Já passei tantas vezes por isso que agora chamo esses brasileiros de “os donos de Paris” ou os “expatriados croissant” (só para podermos juntá-los todos à mesa: coxinhas, mortadelas e croissants). Eu mesma tenho meus momentos croissant, ora, ora. Quem nunca comprou a verdade? Nem que tenha sido por alguns instantes?

Amar cegamente Paris e defender a cidade e os seus habitantes, como se fossem seu patrimônio, é uma característica forte entre os brasileiros em Paris.

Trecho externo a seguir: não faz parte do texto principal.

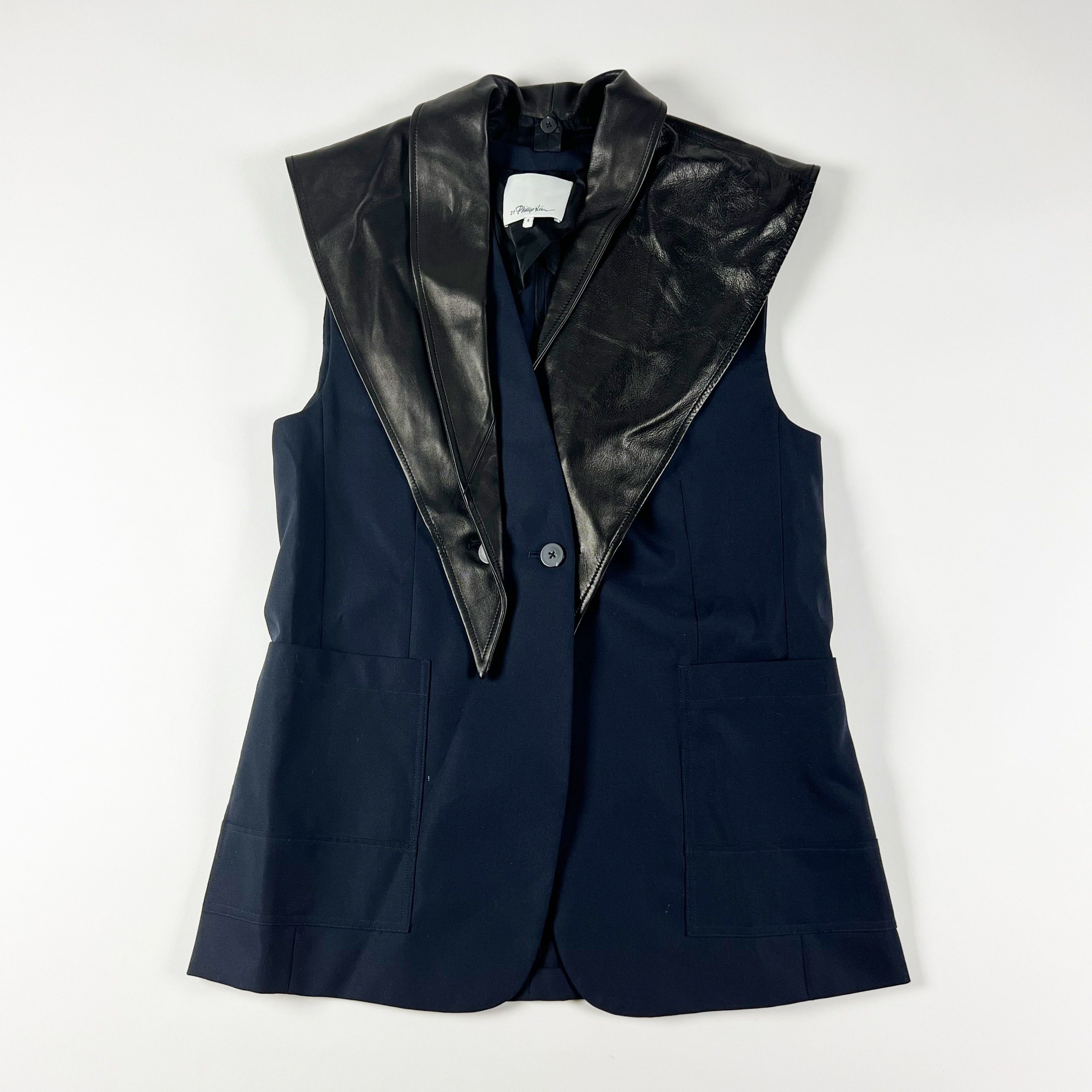 image of 3 1 Phillip Lim Lamb Leather Trim Sleeveless One in Blue, Women's (Size Small)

Crítica inata e por vício do ofício que sou, não canso de escutar que preciso parar de falar que eles são mal humorados, ou que preciso aceitar o garçom grosso, ou achar normal mandar o exame preventivo pelo correio, ou que é para meu bem o fato de o padeiro me corrigir na frente de toda a fila da baguete,  ou entender a bufada da vendedora da loja na qual pretendia gastar meu dinheiro, ganho com muito suor nas axilas, como um ato revolucionário de resistência, pela “égalité”. E por aí vai…

Tem horas que cansa e aí a gente faz piada, sim, porque, voltando a citar Bergson, é a melhor forma de exercer a crítica e ainda fazer a catarse. E se o ditado “em Roma, seja  romano” manda, fazer piada é uma boa forma de nos igualarmos aos parisienses. Pois, curiosamente,  os próprios franceses, em 80% dos casos, mostram-se bem mais abertos às críticas sobre eles do que os “donos de Paris” de outras nacionalidades.

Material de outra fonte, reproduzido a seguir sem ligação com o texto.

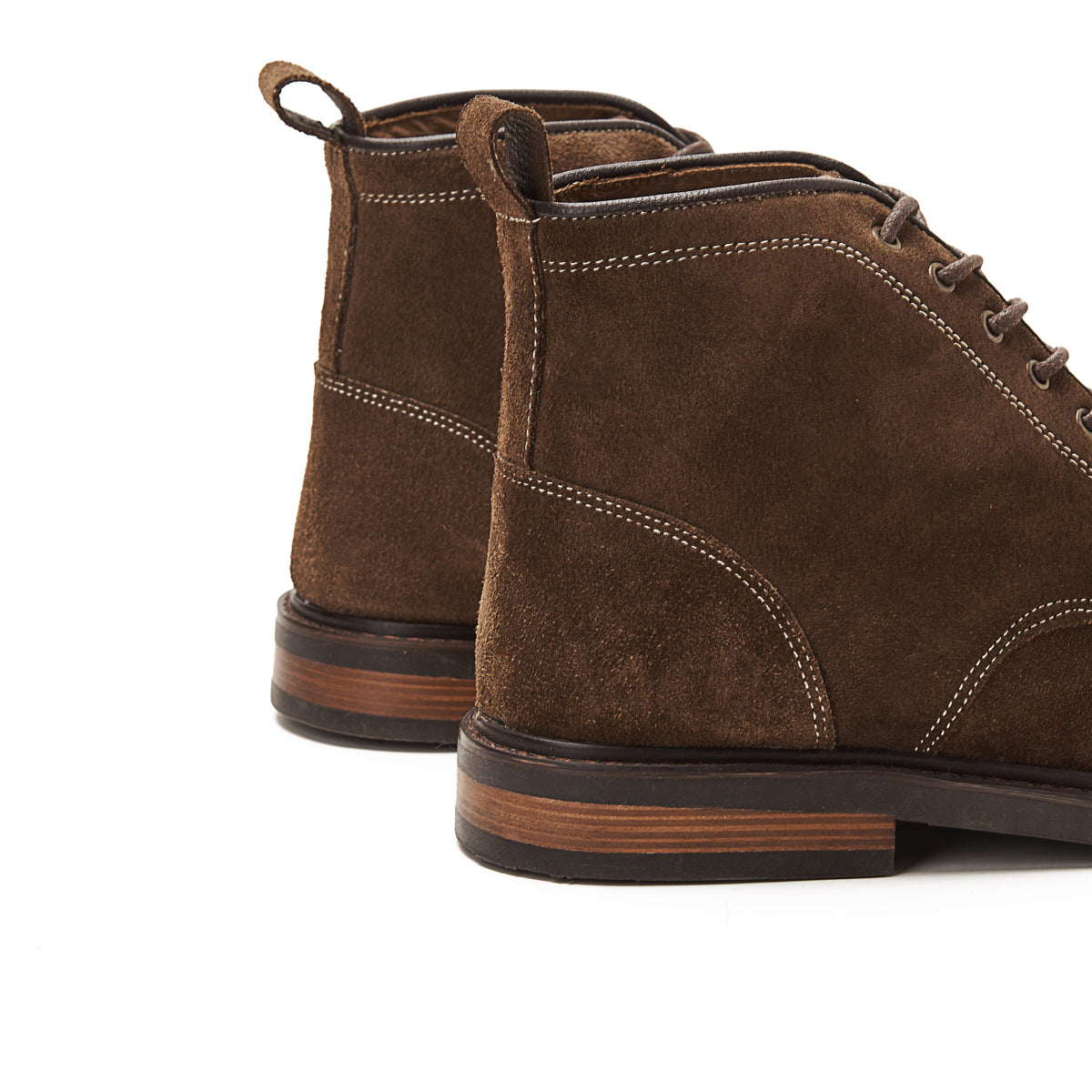 Leather Moc-Toe Half Boot — Brown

Ué? Vocês não suam e nem fedem naquele calorão, não?”, perguntou o amigo francês.

Acostumadíssimos a criticarem Deus e o mundo, não seriam deselegantes com quem lhes aponta os pontos negativos. Um bom exemplo aconteceu no dia mesmo  que assisti ao vídeo. Mostrei ao amigo francês. Expliquei do que se tratava e o moço, com toda fleuma francesa, manda: “Ué? Vocês não suam e nem fedem naquele calorão, não?”. E mudou de assunto. Tudo simplesmente assim.

E quem acabou refletindo fui eu. Embora feder seja natural a qualquer um de nós, no Rio de Janeiro eu sentia muitos odores: de lixo, esgoto, água poluída. Mas as pessoas têm menos cheiro ruim exalando do corpo, mesmo no calor de 50 graus. Lembro-me de muitos momentos no trem da Central (peguei muito trem, tá? Suburbana, trabalhando no Centro e tendo que chegar rápido à faculdade) e no metrô carioca lotados. E não consigo lembrar de mau cheiro. Tem muitos outros problemas, mas fedor não é um deles.

E tem uma situação, dessas que a gente não esquece, que ilustra bem. Uma vez o vagão estava tão cheio, mas tão cheio, que fiquei, literalmente, debaixo de um sovaco de um moço enorme, devia ter 1,90. Ele estava de camiseta e o calor era forte. Começaram a cair uns pingos no meu rosto. A fonte da goteira era a axila direita do homem. Impedidos de nos mexermos, o cidadão, com jeito humilde de trabalhador, ficou com tanta vergonha que me pedia desculpas quase chorando.

Eu lembro de ter respondido “Relaxa, moço. Pelo menos o senhor está cheirosinho. Pior seria se eu estivesse no metrô de Paris”. E o vagão lotado explodiu em gargalhada. Esse episódio é só uma mostra de duas coisas: 1) mesmo quem nunca esteve em Paris conhece a fama. 2) O Brasileiro pode até feder, mas talvez seja pelo excesso de colônia Contouré

Voltei para a conversa com o francês ao meu lado e respondi: “não, a gente não fede tanto”. E ele perguntou “qual é o segredo?”. E como não tinha mais o que dizer, respondi: “Talvez seja o polvilho antisséptico Granado.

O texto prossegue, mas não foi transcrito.